TASK DIRECTIONS:
Output range, inclusive: from the line containing "Nanny/Babysitter in Toronto - Kristine M." to the line containing "New 2026 Land". Restate those lines from the data below word for word and only those.

Records excerpted from a collection:
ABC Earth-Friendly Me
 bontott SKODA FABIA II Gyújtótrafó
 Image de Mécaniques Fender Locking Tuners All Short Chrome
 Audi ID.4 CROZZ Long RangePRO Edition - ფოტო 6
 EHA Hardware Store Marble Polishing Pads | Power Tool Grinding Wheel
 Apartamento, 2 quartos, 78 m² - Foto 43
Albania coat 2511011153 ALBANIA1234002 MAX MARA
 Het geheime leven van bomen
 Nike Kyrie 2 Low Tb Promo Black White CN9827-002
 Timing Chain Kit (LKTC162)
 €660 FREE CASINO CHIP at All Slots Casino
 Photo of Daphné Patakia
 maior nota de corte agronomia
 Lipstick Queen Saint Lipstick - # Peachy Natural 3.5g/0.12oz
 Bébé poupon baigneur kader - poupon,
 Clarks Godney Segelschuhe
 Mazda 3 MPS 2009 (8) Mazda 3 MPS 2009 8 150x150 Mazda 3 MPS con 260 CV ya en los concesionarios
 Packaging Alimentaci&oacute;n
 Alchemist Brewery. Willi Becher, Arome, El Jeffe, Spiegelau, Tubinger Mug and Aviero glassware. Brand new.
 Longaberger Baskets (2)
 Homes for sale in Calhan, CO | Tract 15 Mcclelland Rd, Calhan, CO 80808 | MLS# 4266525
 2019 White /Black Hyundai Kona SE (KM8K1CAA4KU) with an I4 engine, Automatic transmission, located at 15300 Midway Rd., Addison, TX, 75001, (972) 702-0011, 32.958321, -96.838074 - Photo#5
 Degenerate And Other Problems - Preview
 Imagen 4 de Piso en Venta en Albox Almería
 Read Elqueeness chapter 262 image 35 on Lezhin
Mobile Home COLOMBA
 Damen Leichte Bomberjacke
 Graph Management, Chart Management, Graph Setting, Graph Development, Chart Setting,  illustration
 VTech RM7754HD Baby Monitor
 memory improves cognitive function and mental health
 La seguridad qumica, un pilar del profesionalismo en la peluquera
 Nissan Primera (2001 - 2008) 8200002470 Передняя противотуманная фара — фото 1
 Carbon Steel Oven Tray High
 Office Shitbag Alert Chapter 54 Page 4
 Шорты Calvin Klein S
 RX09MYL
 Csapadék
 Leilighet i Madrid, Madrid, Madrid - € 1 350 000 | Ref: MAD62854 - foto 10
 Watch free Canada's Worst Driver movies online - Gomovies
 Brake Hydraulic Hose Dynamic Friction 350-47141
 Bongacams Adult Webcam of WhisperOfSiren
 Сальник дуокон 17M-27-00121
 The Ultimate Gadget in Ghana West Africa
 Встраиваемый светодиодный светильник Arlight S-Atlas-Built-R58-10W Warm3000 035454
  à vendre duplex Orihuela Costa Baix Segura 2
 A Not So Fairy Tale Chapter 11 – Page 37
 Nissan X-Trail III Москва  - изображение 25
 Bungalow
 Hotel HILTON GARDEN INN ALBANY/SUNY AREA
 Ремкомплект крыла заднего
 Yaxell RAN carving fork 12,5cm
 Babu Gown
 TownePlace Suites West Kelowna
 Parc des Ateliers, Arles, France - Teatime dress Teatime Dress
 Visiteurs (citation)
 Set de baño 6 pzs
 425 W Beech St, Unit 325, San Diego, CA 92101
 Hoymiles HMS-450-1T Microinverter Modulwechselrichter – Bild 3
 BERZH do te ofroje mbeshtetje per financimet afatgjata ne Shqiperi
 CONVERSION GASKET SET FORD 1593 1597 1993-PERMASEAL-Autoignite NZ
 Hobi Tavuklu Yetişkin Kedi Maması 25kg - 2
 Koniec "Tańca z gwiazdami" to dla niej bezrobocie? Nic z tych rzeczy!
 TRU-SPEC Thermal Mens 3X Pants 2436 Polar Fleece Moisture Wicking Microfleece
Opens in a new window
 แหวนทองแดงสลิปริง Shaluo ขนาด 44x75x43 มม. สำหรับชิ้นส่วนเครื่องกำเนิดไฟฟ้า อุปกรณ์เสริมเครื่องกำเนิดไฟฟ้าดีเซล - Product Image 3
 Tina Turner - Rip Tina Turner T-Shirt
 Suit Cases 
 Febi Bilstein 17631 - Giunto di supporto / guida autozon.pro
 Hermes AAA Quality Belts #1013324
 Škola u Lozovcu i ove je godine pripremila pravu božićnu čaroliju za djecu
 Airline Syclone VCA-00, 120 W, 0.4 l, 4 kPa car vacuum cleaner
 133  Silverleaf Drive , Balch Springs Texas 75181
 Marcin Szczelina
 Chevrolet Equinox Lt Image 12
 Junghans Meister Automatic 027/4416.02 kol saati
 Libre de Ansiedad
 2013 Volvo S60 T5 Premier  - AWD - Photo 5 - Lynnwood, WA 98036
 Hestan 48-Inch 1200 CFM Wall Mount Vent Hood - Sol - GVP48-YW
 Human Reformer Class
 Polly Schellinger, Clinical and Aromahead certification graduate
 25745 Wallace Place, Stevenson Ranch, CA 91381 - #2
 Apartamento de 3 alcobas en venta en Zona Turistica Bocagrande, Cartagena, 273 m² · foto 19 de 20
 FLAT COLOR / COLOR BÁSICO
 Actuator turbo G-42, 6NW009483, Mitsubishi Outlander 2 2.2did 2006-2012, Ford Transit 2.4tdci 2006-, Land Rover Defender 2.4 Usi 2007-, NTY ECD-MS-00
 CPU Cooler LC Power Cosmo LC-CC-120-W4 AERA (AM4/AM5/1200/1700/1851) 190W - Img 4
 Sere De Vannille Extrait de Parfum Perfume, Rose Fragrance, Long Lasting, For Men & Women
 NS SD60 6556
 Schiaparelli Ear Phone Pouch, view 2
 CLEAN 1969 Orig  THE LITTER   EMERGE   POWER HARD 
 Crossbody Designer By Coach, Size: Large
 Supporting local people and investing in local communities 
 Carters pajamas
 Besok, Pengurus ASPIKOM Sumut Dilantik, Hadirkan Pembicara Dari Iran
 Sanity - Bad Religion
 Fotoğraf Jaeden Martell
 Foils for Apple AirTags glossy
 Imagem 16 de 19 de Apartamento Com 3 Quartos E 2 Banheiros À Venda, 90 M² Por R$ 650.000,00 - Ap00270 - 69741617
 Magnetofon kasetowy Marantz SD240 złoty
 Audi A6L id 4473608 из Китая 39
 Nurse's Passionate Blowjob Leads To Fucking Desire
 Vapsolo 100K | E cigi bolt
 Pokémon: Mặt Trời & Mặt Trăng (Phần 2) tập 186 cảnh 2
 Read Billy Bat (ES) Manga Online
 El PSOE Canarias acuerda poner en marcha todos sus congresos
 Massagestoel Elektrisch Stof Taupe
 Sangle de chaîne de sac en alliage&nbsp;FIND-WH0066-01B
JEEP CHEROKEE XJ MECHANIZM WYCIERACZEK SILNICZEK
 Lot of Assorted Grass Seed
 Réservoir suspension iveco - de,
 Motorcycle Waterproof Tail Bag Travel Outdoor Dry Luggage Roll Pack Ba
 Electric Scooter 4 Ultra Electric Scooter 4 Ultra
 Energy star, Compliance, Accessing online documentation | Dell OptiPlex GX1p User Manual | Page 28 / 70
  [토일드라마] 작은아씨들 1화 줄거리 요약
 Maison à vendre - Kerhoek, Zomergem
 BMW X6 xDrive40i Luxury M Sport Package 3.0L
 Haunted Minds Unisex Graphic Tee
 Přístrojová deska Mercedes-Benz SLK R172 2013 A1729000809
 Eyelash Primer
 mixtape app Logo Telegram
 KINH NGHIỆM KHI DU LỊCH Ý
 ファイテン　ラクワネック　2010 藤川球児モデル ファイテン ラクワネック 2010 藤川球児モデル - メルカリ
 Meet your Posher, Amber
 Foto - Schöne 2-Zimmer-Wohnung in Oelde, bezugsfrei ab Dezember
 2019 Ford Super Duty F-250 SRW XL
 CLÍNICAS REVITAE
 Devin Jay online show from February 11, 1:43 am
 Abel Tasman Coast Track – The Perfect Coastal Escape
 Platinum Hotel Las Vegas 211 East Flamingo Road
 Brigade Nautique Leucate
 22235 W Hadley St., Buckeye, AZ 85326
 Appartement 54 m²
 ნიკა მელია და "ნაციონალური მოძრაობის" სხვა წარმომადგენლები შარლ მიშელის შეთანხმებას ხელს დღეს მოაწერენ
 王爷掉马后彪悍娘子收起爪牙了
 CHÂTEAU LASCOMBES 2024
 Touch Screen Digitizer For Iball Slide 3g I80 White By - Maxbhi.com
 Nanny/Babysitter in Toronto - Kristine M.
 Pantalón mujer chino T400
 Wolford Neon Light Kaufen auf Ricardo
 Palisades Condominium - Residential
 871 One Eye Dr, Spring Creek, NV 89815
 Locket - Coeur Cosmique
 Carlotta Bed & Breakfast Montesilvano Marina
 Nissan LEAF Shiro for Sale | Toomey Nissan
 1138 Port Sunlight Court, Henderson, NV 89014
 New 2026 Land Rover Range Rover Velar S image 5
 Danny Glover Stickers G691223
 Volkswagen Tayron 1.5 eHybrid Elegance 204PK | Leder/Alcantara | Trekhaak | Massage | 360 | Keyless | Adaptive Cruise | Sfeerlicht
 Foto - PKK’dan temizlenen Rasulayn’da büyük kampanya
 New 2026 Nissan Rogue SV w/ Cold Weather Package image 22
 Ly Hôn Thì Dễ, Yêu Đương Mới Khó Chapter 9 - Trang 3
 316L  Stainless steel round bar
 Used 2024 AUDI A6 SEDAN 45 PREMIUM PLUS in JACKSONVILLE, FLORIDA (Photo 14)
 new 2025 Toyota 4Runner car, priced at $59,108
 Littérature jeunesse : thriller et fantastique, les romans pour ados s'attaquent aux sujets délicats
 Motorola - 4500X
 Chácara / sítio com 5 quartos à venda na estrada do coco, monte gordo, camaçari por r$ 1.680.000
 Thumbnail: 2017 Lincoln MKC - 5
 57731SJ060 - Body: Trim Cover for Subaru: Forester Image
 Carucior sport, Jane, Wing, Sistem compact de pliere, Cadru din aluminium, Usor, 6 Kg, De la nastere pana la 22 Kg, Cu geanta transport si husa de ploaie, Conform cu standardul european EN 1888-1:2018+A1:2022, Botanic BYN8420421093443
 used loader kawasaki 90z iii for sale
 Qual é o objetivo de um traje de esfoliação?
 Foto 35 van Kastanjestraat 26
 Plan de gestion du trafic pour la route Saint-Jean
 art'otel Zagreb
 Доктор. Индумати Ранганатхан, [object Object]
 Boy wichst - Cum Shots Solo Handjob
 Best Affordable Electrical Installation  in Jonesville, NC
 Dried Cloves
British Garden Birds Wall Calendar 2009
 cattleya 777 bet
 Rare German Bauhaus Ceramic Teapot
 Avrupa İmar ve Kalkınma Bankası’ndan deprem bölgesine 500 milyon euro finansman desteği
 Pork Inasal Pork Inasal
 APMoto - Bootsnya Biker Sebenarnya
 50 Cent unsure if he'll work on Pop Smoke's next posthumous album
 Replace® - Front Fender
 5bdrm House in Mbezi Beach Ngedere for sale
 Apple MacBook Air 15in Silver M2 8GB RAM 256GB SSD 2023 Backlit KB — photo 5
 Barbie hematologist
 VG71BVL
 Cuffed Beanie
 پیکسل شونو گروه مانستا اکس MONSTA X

ANSWER:
 Nanny/Babysitter in Toronto - Kristine M.
 Pantalón mujer chino T400
 Wolford Neon Light Kaufen auf Ricardo
 Palisades Condominium - Residential
 871 One Eye Dr, Spring Creek, NV 89815
 Locket - Coeur Cosmique
 Carlotta Bed & Breakfast Montesilvano Marina
 Nissan LEAF Shiro for Sale | Toomey Nissan
 1138 Port Sunlight Court, Henderson, NV 89014
 New 2026 Land Rover Range Rover Velar S image 5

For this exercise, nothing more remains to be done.